■ **Problem details**:
Locate the word "Decorative" in the data below, then copy every line that holds it.

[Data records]
■ ■ ■ ■
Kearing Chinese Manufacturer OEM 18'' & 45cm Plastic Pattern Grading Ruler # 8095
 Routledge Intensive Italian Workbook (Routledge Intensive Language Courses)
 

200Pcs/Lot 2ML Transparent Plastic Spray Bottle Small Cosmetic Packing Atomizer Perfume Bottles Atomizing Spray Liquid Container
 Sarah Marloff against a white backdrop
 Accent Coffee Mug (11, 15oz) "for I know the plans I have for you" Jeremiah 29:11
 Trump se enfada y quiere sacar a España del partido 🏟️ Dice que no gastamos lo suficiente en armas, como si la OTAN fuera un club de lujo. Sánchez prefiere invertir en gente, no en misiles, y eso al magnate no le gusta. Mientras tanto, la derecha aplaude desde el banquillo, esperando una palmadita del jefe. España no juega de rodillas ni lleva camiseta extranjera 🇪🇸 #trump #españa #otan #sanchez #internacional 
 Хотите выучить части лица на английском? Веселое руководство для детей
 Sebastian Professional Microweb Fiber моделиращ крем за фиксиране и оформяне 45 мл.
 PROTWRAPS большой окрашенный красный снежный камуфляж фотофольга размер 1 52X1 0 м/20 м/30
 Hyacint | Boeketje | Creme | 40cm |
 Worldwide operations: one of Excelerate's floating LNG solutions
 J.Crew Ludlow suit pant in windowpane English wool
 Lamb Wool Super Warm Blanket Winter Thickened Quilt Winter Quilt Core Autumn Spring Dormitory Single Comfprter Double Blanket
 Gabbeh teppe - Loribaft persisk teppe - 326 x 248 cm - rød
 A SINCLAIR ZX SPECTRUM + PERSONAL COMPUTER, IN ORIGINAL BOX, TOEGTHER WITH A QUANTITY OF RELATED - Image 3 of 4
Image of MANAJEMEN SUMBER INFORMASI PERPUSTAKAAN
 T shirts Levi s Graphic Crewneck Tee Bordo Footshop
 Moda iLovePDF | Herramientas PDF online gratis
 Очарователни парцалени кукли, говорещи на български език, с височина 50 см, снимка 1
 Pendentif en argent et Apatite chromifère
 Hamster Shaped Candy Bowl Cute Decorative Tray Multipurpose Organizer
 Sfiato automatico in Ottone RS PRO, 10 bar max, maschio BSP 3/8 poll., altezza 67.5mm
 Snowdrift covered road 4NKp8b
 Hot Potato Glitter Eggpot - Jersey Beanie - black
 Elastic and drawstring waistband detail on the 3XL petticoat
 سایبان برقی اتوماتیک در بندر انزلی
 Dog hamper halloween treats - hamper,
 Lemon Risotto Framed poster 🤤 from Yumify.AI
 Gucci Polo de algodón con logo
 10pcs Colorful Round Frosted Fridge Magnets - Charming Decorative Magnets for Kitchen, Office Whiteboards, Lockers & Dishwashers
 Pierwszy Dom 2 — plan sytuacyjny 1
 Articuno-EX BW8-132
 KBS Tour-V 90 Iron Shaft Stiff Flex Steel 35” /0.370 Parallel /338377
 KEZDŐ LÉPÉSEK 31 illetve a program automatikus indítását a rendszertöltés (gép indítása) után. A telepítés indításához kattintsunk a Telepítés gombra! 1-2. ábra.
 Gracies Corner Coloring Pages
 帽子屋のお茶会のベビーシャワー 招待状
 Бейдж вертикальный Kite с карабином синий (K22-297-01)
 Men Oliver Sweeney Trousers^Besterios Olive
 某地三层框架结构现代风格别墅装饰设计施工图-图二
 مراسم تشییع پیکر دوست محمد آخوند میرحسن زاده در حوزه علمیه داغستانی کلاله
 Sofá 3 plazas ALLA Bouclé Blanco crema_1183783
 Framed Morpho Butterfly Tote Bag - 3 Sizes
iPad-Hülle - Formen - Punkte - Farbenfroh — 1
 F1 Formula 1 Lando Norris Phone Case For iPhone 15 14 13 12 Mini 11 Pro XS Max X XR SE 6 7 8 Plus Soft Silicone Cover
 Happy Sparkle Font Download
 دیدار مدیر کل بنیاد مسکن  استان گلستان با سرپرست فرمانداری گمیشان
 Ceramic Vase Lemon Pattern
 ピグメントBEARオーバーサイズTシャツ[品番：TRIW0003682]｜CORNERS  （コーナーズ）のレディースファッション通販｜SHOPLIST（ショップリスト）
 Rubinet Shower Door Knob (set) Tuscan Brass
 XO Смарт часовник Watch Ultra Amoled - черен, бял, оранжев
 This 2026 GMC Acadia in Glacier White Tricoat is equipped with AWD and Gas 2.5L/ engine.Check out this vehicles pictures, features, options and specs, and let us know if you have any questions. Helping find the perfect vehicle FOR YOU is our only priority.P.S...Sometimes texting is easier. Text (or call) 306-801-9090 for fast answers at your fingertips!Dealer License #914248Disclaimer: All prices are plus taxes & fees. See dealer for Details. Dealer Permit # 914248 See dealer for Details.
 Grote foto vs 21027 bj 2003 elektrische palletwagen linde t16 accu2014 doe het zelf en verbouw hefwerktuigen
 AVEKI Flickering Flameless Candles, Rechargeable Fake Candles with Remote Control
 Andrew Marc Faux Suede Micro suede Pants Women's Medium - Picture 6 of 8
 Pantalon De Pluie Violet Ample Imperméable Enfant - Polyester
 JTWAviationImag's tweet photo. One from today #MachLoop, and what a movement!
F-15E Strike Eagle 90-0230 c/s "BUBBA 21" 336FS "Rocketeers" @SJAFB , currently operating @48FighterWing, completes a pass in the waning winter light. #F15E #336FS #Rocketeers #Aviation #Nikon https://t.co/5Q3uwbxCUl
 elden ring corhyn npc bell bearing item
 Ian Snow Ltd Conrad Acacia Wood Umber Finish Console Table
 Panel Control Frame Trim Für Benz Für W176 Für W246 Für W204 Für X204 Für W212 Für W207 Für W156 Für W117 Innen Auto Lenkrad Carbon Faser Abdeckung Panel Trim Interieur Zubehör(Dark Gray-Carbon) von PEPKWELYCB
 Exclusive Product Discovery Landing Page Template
■ ■ ■ ■
■ **Written response**:
 Hamster Shaped Candy Bowl Cute Decorative Tray Multipurpose Organizer
 10pcs Colorful Round Frosted Fridge Magnets - Charming Decorative Magnets for Kitchen, Office Whiteboards, Lockers & Dishwashers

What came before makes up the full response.